No, an image that can be replaced may not be memorable, and it will neither raise the ire of society, nor silence the drone of apathy that threatens to lay waste to the emotions that photographs were once thought to retain.
But what about a string of images, knit together in time, captured in high definition from the middle of herculean feats of resilience (on both sides) in a bloody war with no end in sight and no peace in hand?
It is the power of the moving image – saved for our, and future, generation’s eyes on the memory cards of a Danfung Dennis’s Canon 5D – on display in Dennis’s Hell and Back Again.
This documentary, similar in theme to the Oscar-nominated Restrepo, places the viewer in the way of bullets, palpably close to anxious armed forces, and deep within enemy territory in a documentary merited – rightly – for its portrayal of life, focusing on one US Marine, Nathan Harris, in and out of the war in Afghanistan.
Hell and Back Again accomplishes two important tasks. First, it casts off the protective lens often fastened between subject matter and viewer – particularly the bulletproof layer that separates the public from the sharp edges of war. Second, it demonstrates the human costs – not merely in lost limbs or lives (though it shows those, too) – that come with the soldier’s culture of conditioning; a conditioning which makes life without the threat of sudden death unbearably complex – where trips to collect groceries or ordering fast food can inspire fury without reservation.
No, Hell and Back Again won’t solve America’s war problem. That problem is as much political as it is strategic, and ideology is not part of this film, according to Danfung Dennis. Instead, Hell and Back Again contributes to a truth project destined to preserve for past, present and future veterans a document of battle, sacrifice and experience.
In Afghanistan in particular, where the war has drained the blood of too many groups, and where the effects – in final body count, wounded and long-term mental illness – won’t fully be appreciated for years to come, the fact that this project shows the stark realities of war makes it even more powerful.
“Taking the death and the injury out of war, is to take that emotional part out of the conversation.” said Ashley Gilbertson, an award winning photojournalist, about the policies that limit today’s war photojournalists.
Without historical documents to capture war as it is, Gilbertson, who was embedded with the marines in Iraq, believes that today’s veterans will feel robbed in 10 to 15 years.
“What they experienced in war, what they complained about experiencing at war, and what is so hard for them to manage,” he said, is that the public at home “can’t understand. It’s because we can never see how bad it actually gets.”
Yet, the rawness of experience, so wickedly conveyed through the short lens of the DSLR, shows us the depth of war, the reach of its trauma, and the human reaction to coping – and helping someone cope – with the damage war exerts on its subjects. This elevates Hell and Back Again to a plane far higher and more honest than projects of similar type.
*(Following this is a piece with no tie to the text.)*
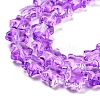 Transparent Glass Beads Strand GLAA-F112-02G-01-3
It also captures an important universal truth.
“The act of combat is something which takes place between two defined moments,” said Gilbertson, “but war lives with families for generations.”
Thus, it is hard not to be shocked by the artistic beauty and careful attention to the crafts of photography and cinematography on display in Hell and Back Again. Yet it is the film’s careful translation of war’s lived experience that will leave most viewers wide-eyed.